The asset currently has an NI 43-101-compliant resource of 400 000 oz, but Harris believes there is scope for a much bigger deposit.

Midlands' property is entirely surrounded by land controlled by the world's second-biggest gold-miner, Newmont Mining, and lies 30 km away from Newmont's Akyem project.

“We are in the right place...that's a good place to look for a big deposit,” Harris said in a presentation at an event hosted by MineAfrica.

The Sian openpit mine produced gold from 2001 to 2004. Operations were halted when the company that owned it, Chinese-owned and -backed Sian Goldfields, struggled with high costs and escalating strip ratios, and eventually ran out of cash.

The company ran into trouble with the pit engineering, and at one point ended up with a strip ratio of as high as 12:1.

“The pit was basically a big hole that got bigger and bigger,” Harris said.

Midlands bought the asset in 2006, and aims to identify at least one-million ounces of gold.

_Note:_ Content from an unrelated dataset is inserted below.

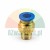Straight brass push-in fitting for 6mm tube with 9.7mm male thread and blue release ring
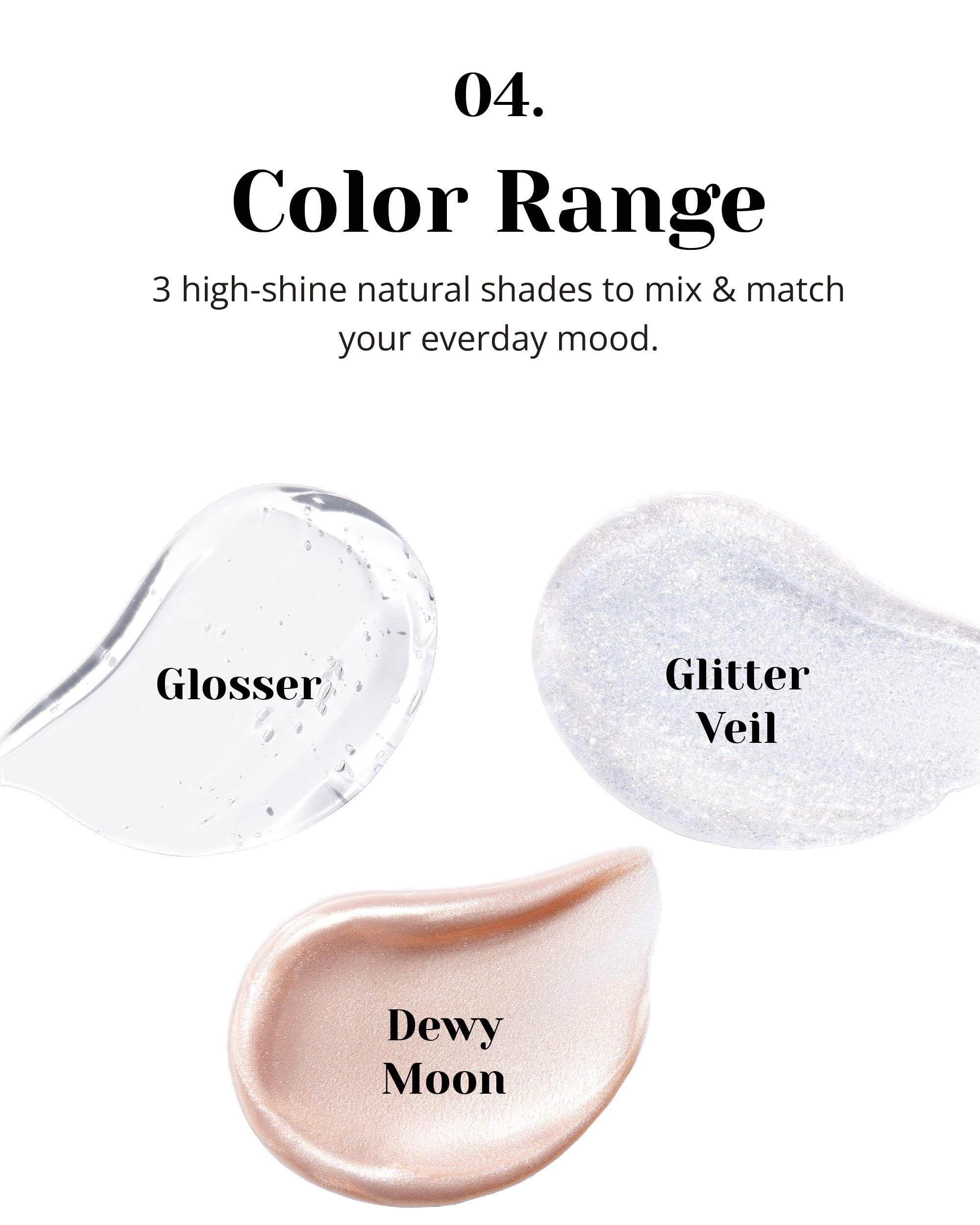 Glint Liquid Gel Highlighter (Glitter Veil, 0.1Oz) - Multi-Use Face & Body Gloss For Smooth Glow, Long-Lasting Illuminator Balm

The company does not have to do much to move towards production, as the mine is fully permitted and leased and has infrastructure and carbon-in-leach processing facilities already in place, courtesy of the previous owners, who also spent some $8-million to move a village to make way for the operation.

“The project is economic, it is absolutely economic. It is just a matter of getting the plant recommissioned and getting the tonnage up.”

The 400 000-oz resource is based on drilling in the pit to a level of only 120 m, so Midlands plans to increase and upgrade the resource both by infill drilling and by drilling below the 120 level “and the values are getting higher the deeper we go”, Harris said.

“The second thing we want to do is an engineering review of the plant, to make sure that we understand what is required to get it back into operation.”

As an initial estimate, the company thinks the plant could produce 2 000 t/d, which could translate into some 44 500 oz/y.

Midlands also has gold assets in Tanzania, and has found diamondiferous kimberlites on one of them.